Generally speaking, fiduciaries are expected to conduct themselves according to the specific ethical standards regardless of the circumstances.
Are Board Member Fiduciaries?
Directors/officers make day-to-day decisions concerning management and upkeep of their communities, for the primary purpose of protecting and hopefully increasing property values of homes in the association. Arguably, a person’s home is oftentimes their biggest investment and most valuable possession. Additionally, directors exercise control over their associations’ funds, which are primarily composed of assessments paid by HOA members.
Based on the above, HOA directors and officers hold in trust assets of owners in their communities and have an ethical obligation to properly care for such property. Therefore, directors and officers fall under the fiduciary umbrella.
Do Board Members Have Fiduciary Obligations?
The standards of a fiduciary are encompassed in state and federal laws, as well as by common law. Common law imposes five primary duties on fiduciaries:
- Duty of Care
(must act as ordinary prudent person) - Duty of Loyalty
(directors must place association’s interests above their own) - Duty of Obedience
(must ensure association is abiding by all governing documents and law) - Duty of Confidentiality
(must keep certain types of information confidential and not use information for their personal gain) - Duty of Prudence
(must be informed before making decisions)
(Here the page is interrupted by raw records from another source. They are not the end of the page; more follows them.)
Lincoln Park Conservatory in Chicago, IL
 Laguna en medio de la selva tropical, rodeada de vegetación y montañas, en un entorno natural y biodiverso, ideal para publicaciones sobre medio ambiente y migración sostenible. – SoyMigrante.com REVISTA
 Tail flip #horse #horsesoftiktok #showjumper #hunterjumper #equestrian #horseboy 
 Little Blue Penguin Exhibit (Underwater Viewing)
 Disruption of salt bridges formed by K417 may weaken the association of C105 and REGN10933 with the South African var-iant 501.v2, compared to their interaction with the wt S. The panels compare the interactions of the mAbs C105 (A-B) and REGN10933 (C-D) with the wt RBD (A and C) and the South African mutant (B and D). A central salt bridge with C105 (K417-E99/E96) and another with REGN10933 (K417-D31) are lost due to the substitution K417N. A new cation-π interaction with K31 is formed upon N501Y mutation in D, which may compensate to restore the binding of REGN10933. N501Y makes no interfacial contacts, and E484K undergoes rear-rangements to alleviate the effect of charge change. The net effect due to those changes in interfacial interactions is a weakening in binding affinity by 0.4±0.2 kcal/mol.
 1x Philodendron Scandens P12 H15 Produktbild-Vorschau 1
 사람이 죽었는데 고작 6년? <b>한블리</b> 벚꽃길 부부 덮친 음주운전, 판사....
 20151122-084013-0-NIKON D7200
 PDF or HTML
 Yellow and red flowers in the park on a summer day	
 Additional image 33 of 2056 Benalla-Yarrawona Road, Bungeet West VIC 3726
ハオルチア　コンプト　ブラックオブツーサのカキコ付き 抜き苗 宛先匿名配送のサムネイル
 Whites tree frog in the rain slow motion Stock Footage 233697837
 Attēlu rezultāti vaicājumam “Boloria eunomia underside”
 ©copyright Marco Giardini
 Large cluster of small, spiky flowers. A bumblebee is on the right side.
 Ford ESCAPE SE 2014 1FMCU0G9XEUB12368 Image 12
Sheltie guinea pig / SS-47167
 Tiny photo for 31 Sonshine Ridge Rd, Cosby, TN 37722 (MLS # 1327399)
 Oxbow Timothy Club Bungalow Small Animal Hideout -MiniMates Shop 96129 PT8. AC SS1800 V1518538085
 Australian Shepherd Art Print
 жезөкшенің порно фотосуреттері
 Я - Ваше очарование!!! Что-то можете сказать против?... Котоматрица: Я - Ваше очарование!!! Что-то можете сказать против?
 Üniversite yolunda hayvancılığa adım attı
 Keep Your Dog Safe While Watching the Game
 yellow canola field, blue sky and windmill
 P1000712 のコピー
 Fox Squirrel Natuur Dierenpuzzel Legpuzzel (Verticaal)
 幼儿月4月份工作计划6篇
In Colorado, such standards are set forth in the Colorado Revised Nonprofit Corporations Act (“Nonprofit Act”) in Article 128, Section 401, entitled “standards of conduct”.
This standards of conduct provision sets forth three requirements with respect to discharging directors’ and officers’ duties, which encompasses the above common law fiduciary duties. Specifically, the Nonprofit Act requires directors and officers to discharge their duties:
- In good faith
(encompassing the duty of loyalty, duty of obedience, and duty of confidentiality) - With the care of an ordinarily prudent person in a like position and under similar circumstances
(encompassing the duty of care and duty of prudence) - In a manner the director or officer reasonably believes to be in the best interests of the association
(encompassing the duty of loyalty and the duty of prudence)
Pursuant to the Nonprofit Act, in order to be considered a “prudent person”, the director/officer must become informed about each situation before deciding how to move forward. How does a director or officer become informed? Each situation is different.
Sometimes it means reviewing documents, other times it means retaining the services of a professional to render an opinion or recommendation. For example, if a board is faced with a question concerning possible structural issues with a building, it would not be prudent to decide on repairs until the board has consulted with an engineer or other construction professional.
The Nonprofit Act also provides incentive for directors/officers to consult with experts by protecting such individuals from liability for making wrong decisions if the decisions were made in reliance upon an expert opinion.
The Nonprofit Act further provides if directors/officers comply with all three duties, they will be protected from liability for their actions, even if they turn out to be wrong or bad for the community.